With Wimbledon starting on July 2nd and Andy Murray just coming back from a serious injury, Britain’s hopes fall on Kyle Edmund, who is 22nd seed, for the men’s tournament.
Johanna Konta leads the British women with being 22nd seed. The next British player after her is Heather Watson at seed 88.
Why are Britain struggling to compete with other countries to produce top-class players?
Schools and parents often steer their children to play popular team sports like football, rugby and cricket meaning games like tennis takes a step back.
Kyle Edmund starting playing tennis at the age of 10 and even that is considered too late for a player to become world-class. Andy Murray was already making headlines in the tennis world at the age of 10 after player tennis for years before that.
A lot of local tennis clubs are struggling to keep local coaches motivated to stay in the role. As soon as they have a child that has good potential then they are pulled out and given to a private coach. This is demotivating the local coaches and stopping the other children from developing to their best ability. This could then in turn be stopping young talent that could be late developers and could have a future in the game.

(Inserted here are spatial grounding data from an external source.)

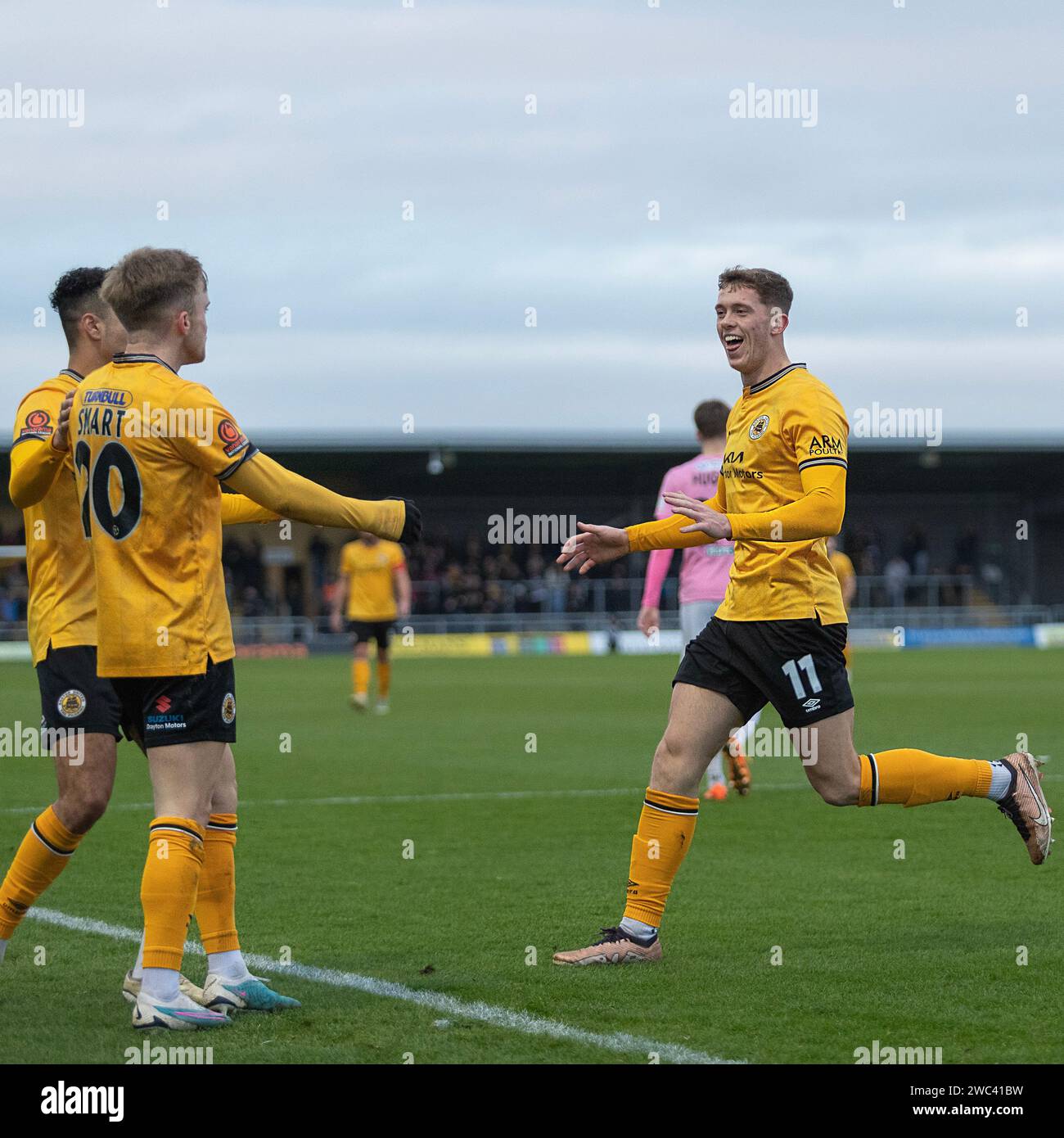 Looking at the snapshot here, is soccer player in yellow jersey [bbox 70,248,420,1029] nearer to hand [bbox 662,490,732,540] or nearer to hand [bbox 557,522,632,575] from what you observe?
hand [bbox 662,490,732,540]

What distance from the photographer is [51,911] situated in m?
6.74

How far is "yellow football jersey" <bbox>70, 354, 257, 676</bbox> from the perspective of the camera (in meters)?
4.71

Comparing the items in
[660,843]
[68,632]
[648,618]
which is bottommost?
[660,843]

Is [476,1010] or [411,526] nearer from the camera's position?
[411,526]

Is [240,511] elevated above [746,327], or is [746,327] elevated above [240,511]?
[746,327]

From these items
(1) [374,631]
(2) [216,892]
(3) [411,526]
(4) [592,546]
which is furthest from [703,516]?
(1) [374,631]

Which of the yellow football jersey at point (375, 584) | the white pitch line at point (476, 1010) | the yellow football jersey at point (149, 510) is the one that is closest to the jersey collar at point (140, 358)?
the yellow football jersey at point (149, 510)

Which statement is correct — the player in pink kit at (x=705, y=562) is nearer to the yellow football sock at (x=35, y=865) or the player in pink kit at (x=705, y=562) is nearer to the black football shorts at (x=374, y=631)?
the yellow football sock at (x=35, y=865)

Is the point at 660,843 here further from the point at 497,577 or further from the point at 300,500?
the point at 497,577

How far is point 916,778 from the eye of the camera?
6078 mm

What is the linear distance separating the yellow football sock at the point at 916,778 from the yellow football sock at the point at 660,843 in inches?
24.6

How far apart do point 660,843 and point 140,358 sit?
96.7 inches

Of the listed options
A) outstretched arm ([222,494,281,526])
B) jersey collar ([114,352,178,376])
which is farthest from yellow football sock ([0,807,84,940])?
jersey collar ([114,352,178,376])

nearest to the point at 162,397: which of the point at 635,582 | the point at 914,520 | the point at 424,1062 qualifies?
the point at 424,1062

The current way of picking the future British stars is to choose the most successful young players from national competitions. This narrows the players down to those children that come from families that can afford to travel around the country to get to all the tournaments.

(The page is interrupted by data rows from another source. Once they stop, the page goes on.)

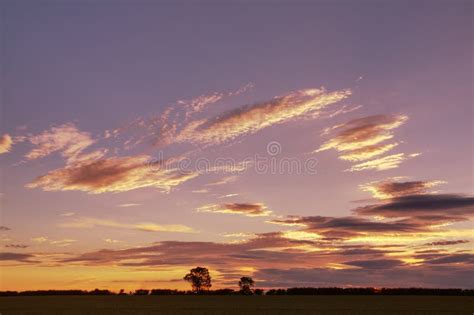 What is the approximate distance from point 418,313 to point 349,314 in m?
7.96

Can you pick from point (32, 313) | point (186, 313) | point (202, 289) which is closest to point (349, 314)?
point (186, 313)

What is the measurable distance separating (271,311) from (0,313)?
28278 millimetres

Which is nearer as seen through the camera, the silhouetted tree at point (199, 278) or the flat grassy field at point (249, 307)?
the flat grassy field at point (249, 307)

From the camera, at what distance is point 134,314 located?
52.7 metres

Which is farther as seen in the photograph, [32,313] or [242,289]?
[242,289]

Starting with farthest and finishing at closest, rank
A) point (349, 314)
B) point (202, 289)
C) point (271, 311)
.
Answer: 1. point (202, 289)
2. point (271, 311)
3. point (349, 314)

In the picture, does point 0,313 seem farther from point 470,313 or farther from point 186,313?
point 470,313

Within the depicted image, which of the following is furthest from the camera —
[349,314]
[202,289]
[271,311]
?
[202,289]

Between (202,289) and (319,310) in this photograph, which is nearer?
(319,310)

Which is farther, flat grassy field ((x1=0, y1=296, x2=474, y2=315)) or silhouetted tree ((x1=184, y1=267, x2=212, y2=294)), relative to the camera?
silhouetted tree ((x1=184, y1=267, x2=212, y2=294))

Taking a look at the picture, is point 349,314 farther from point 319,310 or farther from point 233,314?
point 233,314

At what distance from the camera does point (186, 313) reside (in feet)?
178

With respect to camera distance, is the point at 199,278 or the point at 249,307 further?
the point at 199,278

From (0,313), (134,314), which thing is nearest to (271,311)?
(134,314) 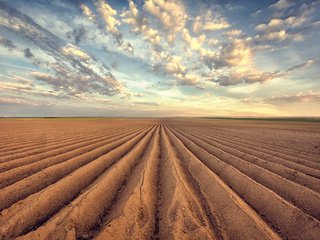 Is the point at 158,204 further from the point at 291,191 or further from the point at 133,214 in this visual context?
the point at 291,191

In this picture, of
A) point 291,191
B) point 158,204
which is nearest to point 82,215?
point 158,204

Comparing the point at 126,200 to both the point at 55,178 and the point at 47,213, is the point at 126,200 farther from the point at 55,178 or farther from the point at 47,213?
the point at 55,178

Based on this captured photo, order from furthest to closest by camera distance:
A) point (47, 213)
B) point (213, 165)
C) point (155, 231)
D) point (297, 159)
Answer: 1. point (297, 159)
2. point (213, 165)
3. point (47, 213)
4. point (155, 231)

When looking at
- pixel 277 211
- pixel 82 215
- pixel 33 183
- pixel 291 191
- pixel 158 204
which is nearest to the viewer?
pixel 82 215

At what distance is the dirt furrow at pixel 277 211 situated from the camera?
3.08 metres

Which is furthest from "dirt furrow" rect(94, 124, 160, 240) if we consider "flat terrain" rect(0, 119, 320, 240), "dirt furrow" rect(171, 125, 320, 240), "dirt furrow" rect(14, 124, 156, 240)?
"dirt furrow" rect(171, 125, 320, 240)

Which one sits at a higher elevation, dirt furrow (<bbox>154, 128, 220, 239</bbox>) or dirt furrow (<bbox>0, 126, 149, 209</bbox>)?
dirt furrow (<bbox>154, 128, 220, 239</bbox>)

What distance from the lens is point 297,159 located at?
787cm

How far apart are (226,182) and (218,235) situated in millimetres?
2444

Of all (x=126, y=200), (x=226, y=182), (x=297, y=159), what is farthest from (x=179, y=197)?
(x=297, y=159)

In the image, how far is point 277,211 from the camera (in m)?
3.68

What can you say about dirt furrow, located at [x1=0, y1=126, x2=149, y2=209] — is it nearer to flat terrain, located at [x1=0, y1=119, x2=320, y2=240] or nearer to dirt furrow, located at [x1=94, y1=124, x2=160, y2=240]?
flat terrain, located at [x1=0, y1=119, x2=320, y2=240]

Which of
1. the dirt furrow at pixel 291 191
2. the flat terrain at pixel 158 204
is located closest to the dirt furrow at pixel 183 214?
the flat terrain at pixel 158 204

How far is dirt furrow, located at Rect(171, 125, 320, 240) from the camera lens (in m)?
3.08
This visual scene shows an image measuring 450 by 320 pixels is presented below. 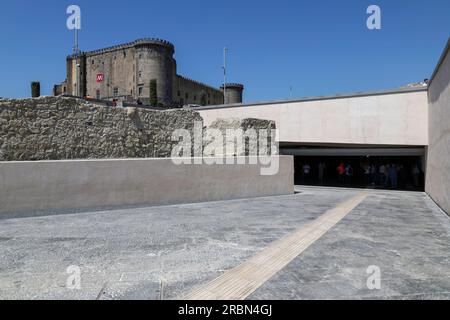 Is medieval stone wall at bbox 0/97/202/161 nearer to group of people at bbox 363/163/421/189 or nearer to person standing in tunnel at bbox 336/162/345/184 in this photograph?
group of people at bbox 363/163/421/189

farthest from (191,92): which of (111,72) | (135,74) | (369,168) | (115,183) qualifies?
(115,183)

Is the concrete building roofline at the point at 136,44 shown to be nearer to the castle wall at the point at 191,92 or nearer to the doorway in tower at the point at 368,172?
the castle wall at the point at 191,92

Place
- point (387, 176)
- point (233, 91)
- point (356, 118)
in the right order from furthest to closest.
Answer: point (233, 91), point (387, 176), point (356, 118)

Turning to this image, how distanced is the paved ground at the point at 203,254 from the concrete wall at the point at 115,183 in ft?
1.52

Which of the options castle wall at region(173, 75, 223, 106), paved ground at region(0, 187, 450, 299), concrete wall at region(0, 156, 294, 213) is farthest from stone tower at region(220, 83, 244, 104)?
paved ground at region(0, 187, 450, 299)

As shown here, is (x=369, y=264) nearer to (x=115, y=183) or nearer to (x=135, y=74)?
(x=115, y=183)

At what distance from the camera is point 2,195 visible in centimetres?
662

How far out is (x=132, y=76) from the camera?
2405 inches

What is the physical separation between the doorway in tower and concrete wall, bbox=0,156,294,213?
10.3 m

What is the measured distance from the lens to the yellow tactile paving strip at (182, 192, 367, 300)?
329 centimetres

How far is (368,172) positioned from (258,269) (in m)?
17.7

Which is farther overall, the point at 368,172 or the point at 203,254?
the point at 368,172

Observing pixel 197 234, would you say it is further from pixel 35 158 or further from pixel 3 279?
pixel 35 158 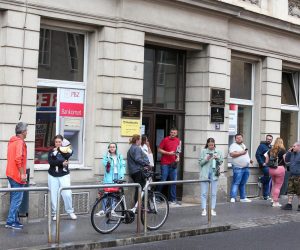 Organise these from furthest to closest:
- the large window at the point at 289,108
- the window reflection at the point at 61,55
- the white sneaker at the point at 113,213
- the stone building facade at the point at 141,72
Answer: the large window at the point at 289,108, the window reflection at the point at 61,55, the stone building facade at the point at 141,72, the white sneaker at the point at 113,213

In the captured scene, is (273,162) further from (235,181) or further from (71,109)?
(71,109)

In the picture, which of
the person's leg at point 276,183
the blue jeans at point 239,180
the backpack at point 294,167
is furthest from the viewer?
the blue jeans at point 239,180

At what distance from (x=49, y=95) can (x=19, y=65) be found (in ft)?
4.37

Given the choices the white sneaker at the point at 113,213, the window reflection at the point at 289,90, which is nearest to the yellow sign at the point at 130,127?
the white sneaker at the point at 113,213

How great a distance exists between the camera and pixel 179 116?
17500mm

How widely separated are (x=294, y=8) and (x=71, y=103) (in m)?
9.69

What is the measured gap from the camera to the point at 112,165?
46.0 ft

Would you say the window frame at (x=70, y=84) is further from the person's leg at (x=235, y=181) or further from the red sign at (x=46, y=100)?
the person's leg at (x=235, y=181)

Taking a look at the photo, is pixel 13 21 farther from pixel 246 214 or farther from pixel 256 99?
pixel 256 99

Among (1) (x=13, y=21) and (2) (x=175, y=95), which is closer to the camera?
(1) (x=13, y=21)

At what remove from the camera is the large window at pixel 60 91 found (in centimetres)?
1393

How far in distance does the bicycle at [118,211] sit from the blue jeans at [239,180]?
229 inches

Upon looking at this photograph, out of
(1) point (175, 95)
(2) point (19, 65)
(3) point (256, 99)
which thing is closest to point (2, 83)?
(2) point (19, 65)

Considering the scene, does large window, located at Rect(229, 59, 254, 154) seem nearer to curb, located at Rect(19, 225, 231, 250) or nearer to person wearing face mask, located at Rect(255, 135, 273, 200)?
person wearing face mask, located at Rect(255, 135, 273, 200) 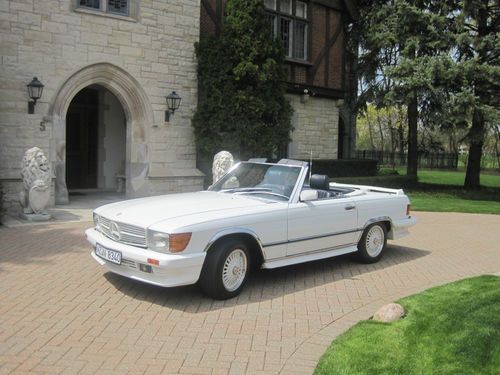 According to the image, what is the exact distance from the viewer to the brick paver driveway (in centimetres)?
408

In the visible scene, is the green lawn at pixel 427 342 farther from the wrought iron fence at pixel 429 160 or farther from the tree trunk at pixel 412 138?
the wrought iron fence at pixel 429 160

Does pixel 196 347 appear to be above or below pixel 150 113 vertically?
below

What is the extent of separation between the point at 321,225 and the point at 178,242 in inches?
86.7

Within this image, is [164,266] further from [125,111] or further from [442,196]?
[442,196]

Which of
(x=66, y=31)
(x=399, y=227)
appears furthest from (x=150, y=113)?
(x=399, y=227)

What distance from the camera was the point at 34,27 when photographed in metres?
12.3

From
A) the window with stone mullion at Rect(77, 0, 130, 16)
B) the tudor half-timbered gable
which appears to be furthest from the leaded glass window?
the tudor half-timbered gable

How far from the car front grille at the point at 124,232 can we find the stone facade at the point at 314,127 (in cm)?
1367

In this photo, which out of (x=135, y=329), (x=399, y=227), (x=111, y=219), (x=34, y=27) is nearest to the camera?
(x=135, y=329)

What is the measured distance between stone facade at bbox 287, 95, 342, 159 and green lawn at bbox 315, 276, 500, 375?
46.4 feet

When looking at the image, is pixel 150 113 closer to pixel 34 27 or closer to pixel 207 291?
pixel 34 27

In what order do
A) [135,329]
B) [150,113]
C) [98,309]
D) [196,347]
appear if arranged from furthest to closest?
[150,113] → [98,309] → [135,329] → [196,347]

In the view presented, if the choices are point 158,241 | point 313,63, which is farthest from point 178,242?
point 313,63

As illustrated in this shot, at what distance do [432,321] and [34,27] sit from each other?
11.4 meters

This also brings up the coaches argument as some people will be able to pay for the best coaches and tennis clubs.
The chosen ones
Britain is famous for putting a lot of pressure and hope onto the future sports stars. We see this is many sports but tennis is one that is hit the hardest.
The tennis stars that are hyped up often burn out before they make it to the highest level. The media has a big part to play in this and is often blamed for their role.
A lot of countries across Europe, including the likes of Spain and France, tennis clubs are used as a family hub where they would meet on a constant basis.
Young players would also play in local leagues and tournaments. These are hard to come by for the young players in Britain.
Tennis clubs are definitely not seen as a family hub in Britain so children are not around tennis as much as other countries.